Freigeschaltet durch Thorsten Schmitt
Wappen von Sachsen-Anhalt
Wappen von Sachsen-Anhalt

Das Aussteigerprogramm "Extra" für Rechtsextreme in Sachsen-Anhalt trägt erste Früchte. Das berichtet die in Halle erscheinende Mitteldeutsche Zeitung. Nach Angaben des Verfassungsschutzes gelten vier Personen als potenzielle Aussteiger und wurden teils bereits ins Programm aufgenommen. Dies geht aus einer Antwort des Innenministeriums auf eine Kleine Anfrage des Landtagsabgeordneten Sebastian Striegel (Grüne) hervor. Das Programm war im August 2014 gestartet worden.

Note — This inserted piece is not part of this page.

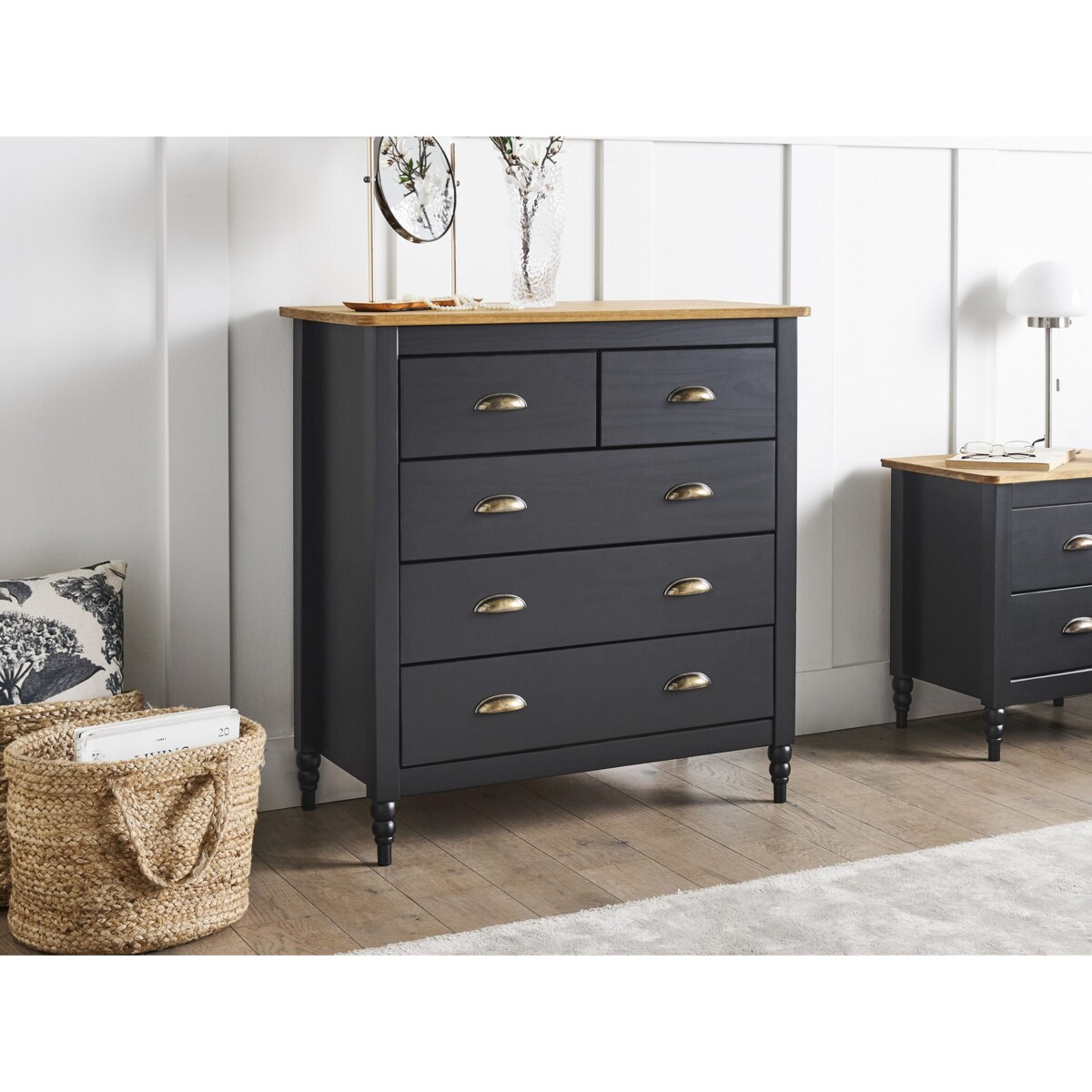 Komoda 5 szuflad SHILLINGTON Drewno sosnowe Czarny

Verfassungsschutz-Chef Jochen Hollmann nannte die Zahlen "ganz ermutigend", wobei er klar machte, dass es "nicht um die schieren Zahlen an sich geht". Jeder Einzelne, der sich aus dem Rechtsextremismus löse, sei als Erfolg zu betrachten. Hollmann erklärte zudem, dass es weitere Personen aus der rechten Szene gebe, die Interesse an einem Ausstieg bekundet hätten. "Es handelt sich allesamt um Leute, bei denen es sich lohnt, sie aus der rechten Szene herauszuholen", sagte der Chef des Verfassungsschutzes zu den Personen im Programm und den Interessierten. Es handele sich nicht um "Mitläufer oder Randpersonen", allerdings auch nicht um Neonazi-Kader. Denen ist die Aufnahme in das Aussteigerprogramm genauso versagt wie Mitgliedern der NPD.